Frau Ratte: "Mit wem von uns sprechen sie?"
utez: "Mit ihnen."
Frau Ratte: "Ich sehe das positiv. Wir planen eh, uns weiter zu vermehren, da käme es uns nur entgegen, wenn es noch mehr Abfall und Verelendung gäb. Für uns sind das gute Bedingungen. Wir haben uns ja auf das Leben in Menschennähe spezialisiert. Also, wir könnten auch anders, aber warum sollten wir, so ist es doch viel angenehmer."

Und was sagen die Menschen selbst dazu?

utez: "Herr Pöbel, fordern sie auch mehr Menschlichkeit?"
Herr Pöbel (schreit sein Kind an): "Ej, halt ma die Fresse, isch bin im Fernsehn."
Herr Pöbel: "Klar.
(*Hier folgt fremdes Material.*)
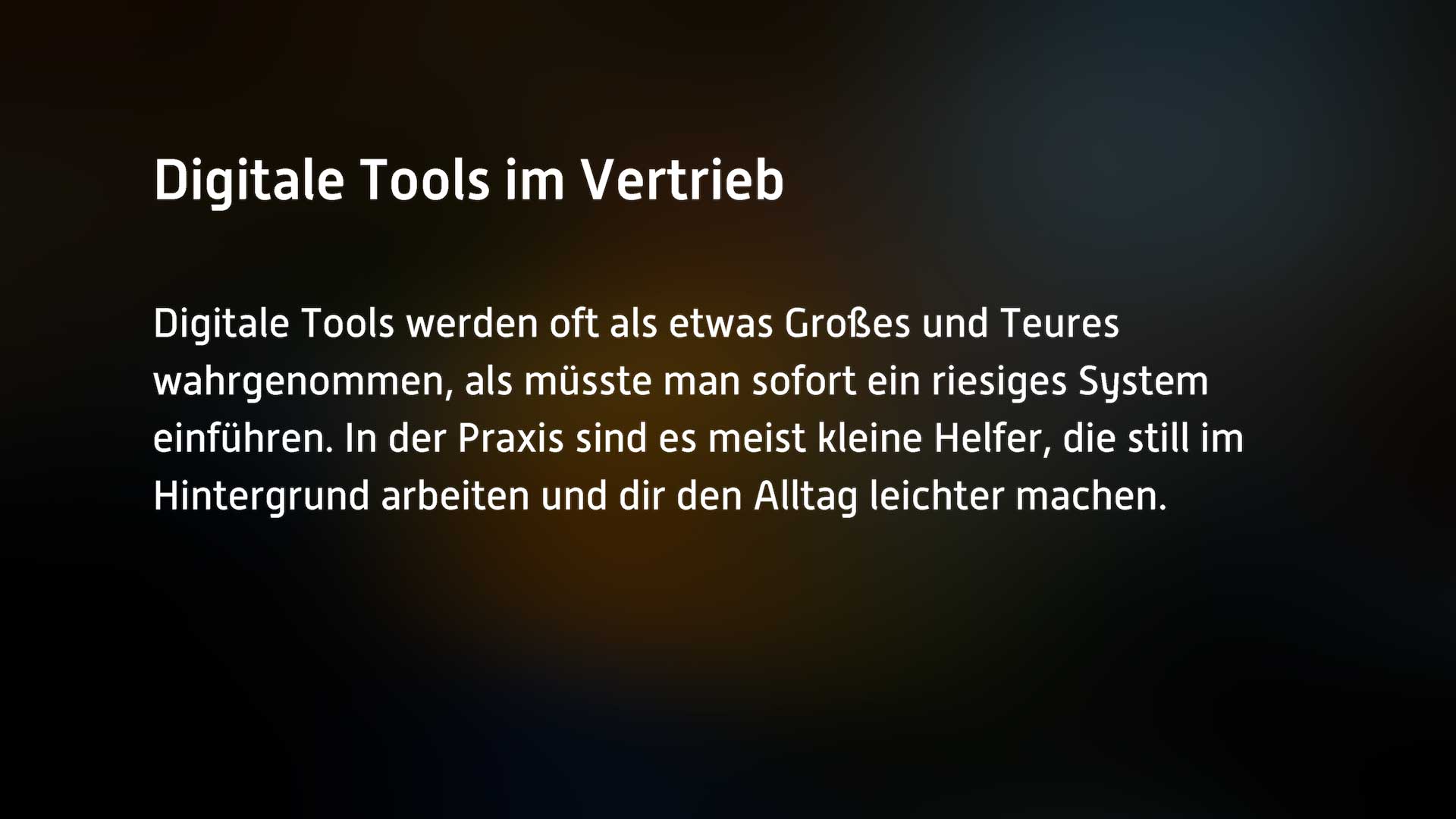 digitale Tools im Vertrieb  - Vertriebsprozesse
Auf jeden Fall. Menschlichkeit. Klar. Da sollten die ma wat dran tun. Damit es da mehr gibt. Davon."

utez: "Frau Fein, haben sie sich Gedanken gemacht zu der neuen Forderung nach mehr Menschlichkeit?"
Frau Fein: "Ja, wissen sie, das mit den Forderungen ist ja immer so eine Sache. Man kann nicht immer nur fordern, man muss auch selber Rücksicht nehmen."
utez: "Woran denken sie dabei?"
Frau Fein: "An alle, die was wollen. Das kostet doch alles so viel, das muss man auch sehen."

utez: "Herr Lobby, sie fordern mehr Menschlichkeit, warum?"
Herr Lobby: "Die Zahlen belegen, dass es sie zu wenig gibt. Wir fordern sie deshalb schon lange. Insbesondere unsere Mitglieder sind davon betroffen. Eine zumindest menschliche Geste ihnen gegenüber, wie etwa eine spezielle Steuerentlastung für sie, ist längst überfällig.

Herr Org (steht dabei und antwortet auch gleich): " Unsere Klientel ist eine der benachteiligsten Gruppen. Täglich sterben welche und wissen das. Als Organisation mit Erfahrung und langjähriger Tradition haben wir die Strukturen und die Qualifikation, um hier mehr Menschlichkeit zu verwirklichen, aber es fehlen uns die Mittel."

Herr Auftragnehmer (steht ebenfalls dabei und ergänzt dynamisch): "Mehr Menschlichkeit wird seit Jahren gefordert. Das Problem hierbei ist der intelligente Einsatz von Mitteln, um höchstmögliche Effizienz zu erzielen. Unsere Firma hat das Know How und die Kontakte, um das zu realisieren."

Was Herr Wirtschaft, Herr Agentur und Frau Politik zu sagen haben, unterscheidet sich nicht sonderlich von Lobby, Org und Auftragnehmer. Die Antwort von Herrn Diöcesar lesen sie bitte in der Enzyklika nach.

Frau Aufgeklärt oder Herr Heilig sind sie sicher selbst. Oder sie können deren Antworten zumindest selbst runter beten.

Und egal, was sie jetzt fühlen, es ist menschlich. - Was auch sonst.